Le Méridien Le Méridien stands as testament to a bygone era. Though shabby on the outside, the interior looks like one of David Lean's Arabian sets, and you half expect Peter O'Toole to stumble in demanding 'bed and sheets for the boy'. Despite the wealth of alternative options throughout the city, it sometimes feels as though the entire ex-pat community can be found around the pool for Friday brunch.
Citizen M We've seen the future, and it's a bit trendy. Citizen M (M for 'mobile') is a new concept for those who want luxury on the cheap.

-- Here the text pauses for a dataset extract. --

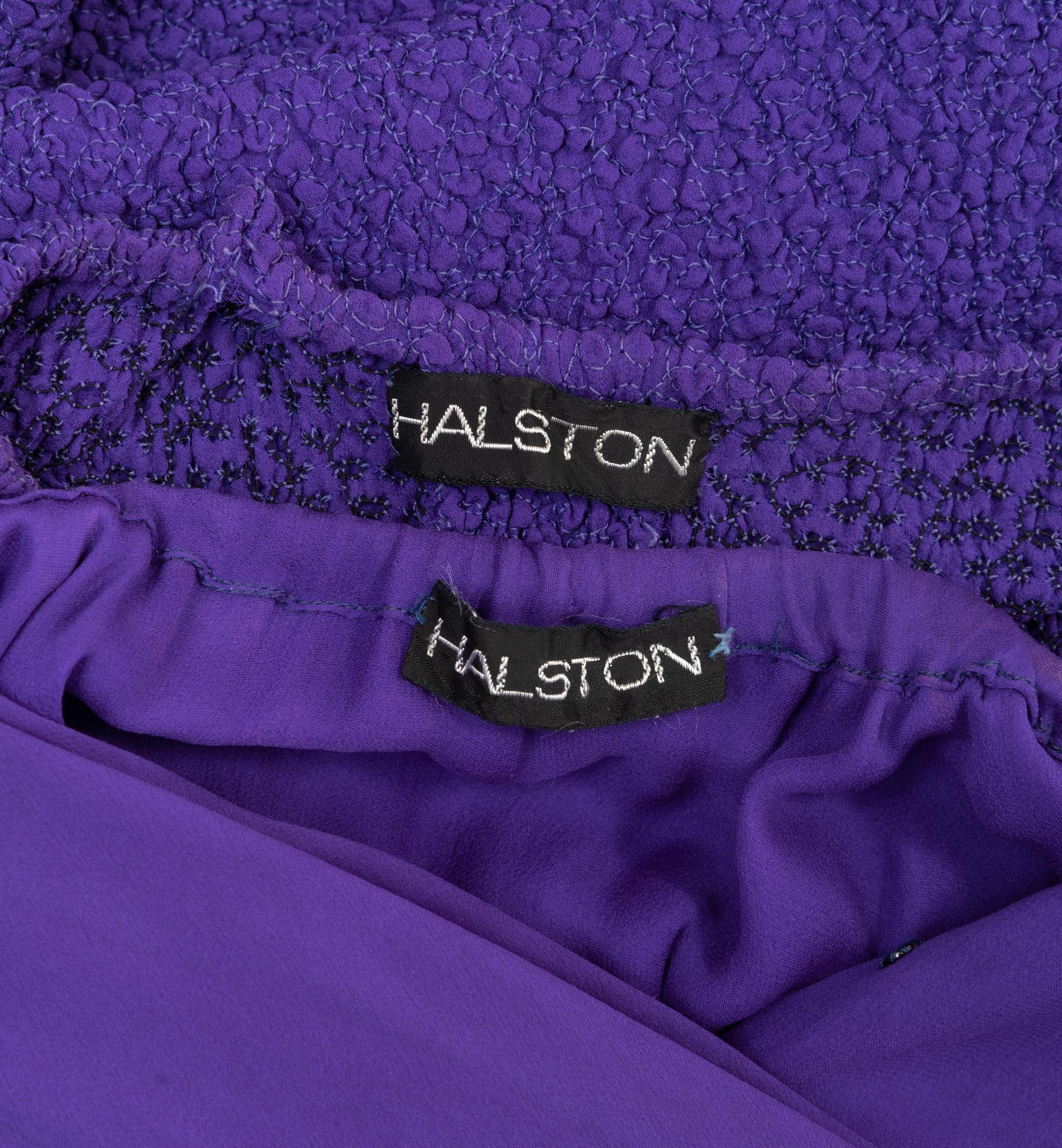Halston Three-Piece Evening Ensemble, c.1975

A little way out of town – though definitely bikeable – this design hotel is stuffed full of iconic furniture (Eames recliners and the like) but not unnecessary grinning staff. Which would be a mighty triumph of style over substance, if it didn't seem to work so nicely.
Eden Amsterdam American Hotel Spacious rooms have been tastefully refurbished in this grand art nouveau building in the museum quarter. Guests are greeted by 'Lady American' – a 1920s flapper on the carpet inside each bedroom – and can watch live footage from a webcam on the roof. Breakfast, lunch and dinner are served in the 'Cafe Americain' – a stunning art deco room with Tiffany lamps, stained glass and recently uncovered murals inspired by 'A Midsummer Night's Dream'.
The Opposite House Designed by Japanese architect Kengo Kuma and located in the heart of Beijing's trendy Sanlitun district, The Opposite House is by far and away Beijing's coolest hotel. A striking, open-plan lobby reaches up to the sky, while fashion-themed works of art draw your eye to different corners of the relaxed space. The Zen rooms are the main reason to stay here, but the major bonus is the fantastic selection of restaurants and bars, including the popular after-work hangout Mesh and Mediterranean eatery Sureno.
St Regis With a list of guests that extends to celebrities and heads of state, the St Regis is Beijing’s most prestigious address. Many an important executive has thrashed out a deal in the Press Club Bar, and the Sunday brunch at the Garden Court is for those who prefer quality to quantity – or to put it another way, caviar to a greasy fry-up. The style is over-the-top elegance, with more marble and chestnut wood than you can shake a stick at: definitely a classy experience.
Faena Hotel + Universe A true original in BA. Designed by French master Philippe Starck, this magnificent, lavish and camp lodging is built in the shell of an eye-catching English-style red-brick silo. The hotel continues to house the famous and wealthy in the 105 gorgeous rooms, and the even wealthier in the 83 privately owned apartments.
Alvear Palace Hotel The clue is in the word ‘palace’ – not, in this case, pretentious hyperbole. For the Alvear is more than a mere hotel – it’s also a source of civic pride, a symbol of grandeur and an enduring reminder of BA’s golden, affluent era. Filling half a block of the lavish Avenida Alvear, the 210 rooms offer extreme opulence: rich burgundies, antique French furniture and Hermès bathroom goodies scattered around the hot tubs. Avenida Alvear 1891 (+54 11 4808 2100/www.alvearpalace.com).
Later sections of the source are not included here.